George Carver (December 19, 1888 – October 29, 1949) was an American professor and author.

==Biography==
Carver was born in Cincinnati, Ohio, on December 19, 1888.

In 1916, he received a Bachelor of Arts degree from Miami University. He worked as instructor in English at Pennsylvania State College from 1916 to 1918, then joined the Army in World War I, serving in the infantry. In 1919 he married Eva Gertrude Schultz; the couple had one son. From 1919 to 1924 he taught at the University of Iowa. Next he went to the University of Pittsburgh as assistant professor, becoming associate in 1927 and in 1931 professor of English.

He died on October 29, 1949, in Pittsburgh, Pennsylvania.

==Legacy==
Carver was a member of several social organizations, including the Polygon Club, the Junta, Sons of the American Revolution, The Midland, Phi Beta Kappa, and Phi Kappa Sigma.

Saint Vincent College awarded him an Honorary Doctor of Letters degree.

==See also==
- William Marion Reedy

==Works==
- (1923).

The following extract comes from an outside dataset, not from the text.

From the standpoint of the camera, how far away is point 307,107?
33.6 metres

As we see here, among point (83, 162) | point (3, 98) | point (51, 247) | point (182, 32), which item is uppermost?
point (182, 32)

Writing and Rewriting (with William Shipman Maulsby and Thomas A. Knott).
- (1924). Minimum Essentials of Correct Writing (with Millington Farwell Carpenter, William Shipman Maulsby, and Thomas A. Knott).
- (1928). Points of Style: A Minimum of Correctness in Writing English Prose.
- (1929). A Series of Six Radio Talks on Essays and Essayists (with suggested readings).
- (1931). Elements of English Composition: A Handbook with Tests and Worksheets.
- (1932). Paragraph Design (with Frederick Phillip Mayer).
- (1938). Index to Sentence Essentials.
- (1941). Communicating Experience.
- (1948). Not With Eyes Only.
- (1948). Alms for Oblivion: Books, Men and Biography.

===Other===
- (1926). The Catholic Tradition in English Literature (editor).
- (1926). Representative Catholic Essays (editor, with Ellen Geyer).
- (1930). Periodical Essays of the 18th Century (editor).
- (1930). The Stream of English Literature (editor, with Sister Mary Eleanore and Katherine Brégy).